## Project 1, Milestone 1

Given a corpus of text, we project the documents in the corpus to a dense, low-dimensional space and compute the cosine similarity between all pairs of documents. We then inspect the distribution of similarities and choose an appropriate similarity threshold. We then construct a graph of documents, where a pair of documens will have an edge between them if the similarity between them exceed the threshold. Finally we save the matrix as a Numpy serialized file for the next milestone.

In [None]:
import matplotlib.pyplot as plt
import numpy as np
import os
import spacy

from scipy.sparse import coo_matrix, save_npz

%matplotlib inline

In [None]:
DATA_DIR = "../../data/project-1"

ABSTRACT_FILE = os.path.join(DATA_DIR, "stat-abstracts.tsv")

ABS_VEC_FILE = os.path.join(DATA_DIR, "stat-abstract-vectors.tsv")
DOCIDS_LIST = os.path.join(DATA_DIR, "stat-av-docids.txt")

SIM_MATRIX_FILE = os.path.join(DATA_DIR, "av-simmatrix.npy")
ADJ_MATRIX_FILE = os.path.join(DATA_DIR, "av-adjmatrix.npz")

### 1. Load the SpaCy language model

We will use SpaCy's medium English language model called `en_core_web_md`. SpaCy does not load any languge models along with the library. If you see errors in the next cell complaining about invalid models, you will need to load it from the command line using the following command. See [SpaCy Models and Languages](https://spacy.io/usage/models) for more information.

`python -m spacy download en_core_web_md`

Once the language model is loaded successfully, you would need to restart the Jupyter notebook and relaunch this notebook.

In [None]:
nlp = spacy.load("en_core_web_md")

### 2. Extract Document Vectors

We are provided with a TSV file containing our corpus of papers (indicated by `ABSTRACT_TEXT`). Each line contains the `docID`, the paper `title`, a set of semi-colon separated `categories`, and the text of the `abstract`.
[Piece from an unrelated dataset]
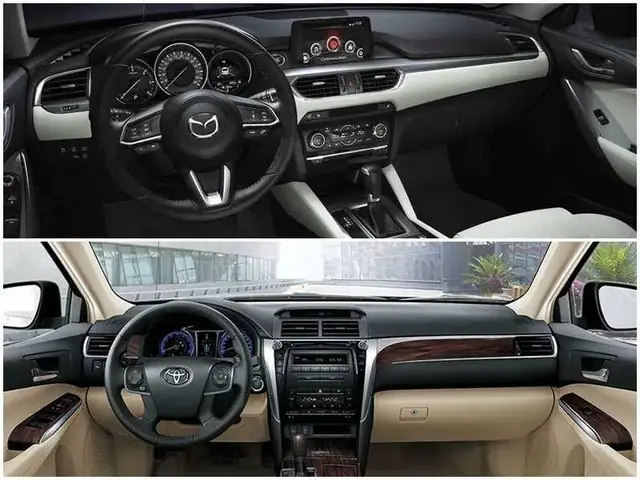 Mazda 6 Vs Toyota Camry 2016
In the `join_title_text` function below, prepend the title as the first sentence of the abstract. You can do this by adding a period to the title and joining it to the beginning of the abstract text.

In [None]:
def join_title_text(title, text):
    joined_text = None
    ## your code goes here
    ## Hint: join the title + ". " + abstract_text

    ## end of your code goes here
    return joined_text


example_joined_text = join_title_text("this is a title", "this is an abstract.")
example_joined_text

The `vectorize_text` function takes a block of text and a reference to the language model and returns a 300 dimensional vector. Complete the `vectorize_text` function below. If you are unsure of what function to use, refer to the [SpaCy Linguistic Features](https://spacy.io/usage/linguistic-features#vectors-similarity) page.

In [None]:
def vectorize_text(text, nlp):
    vec = None
    ## your code goes here
    ## Hint: passing the text to the language model returns a document object,
    ## which has a .vector attribute that will produce the vecotr

    ## end of your code goes here
    return vec


example_vector = vectorize_text(example_joined_text, nlp)
example_vector.shape

We will now read each line of the input file indicated by `ABSTRACT_FILE`, generate vectors using the (`title`, `abstract`) pairs, and write out the `docID` and generated `vector` as a string in the file indicated by `ABS_VEC_FILE`.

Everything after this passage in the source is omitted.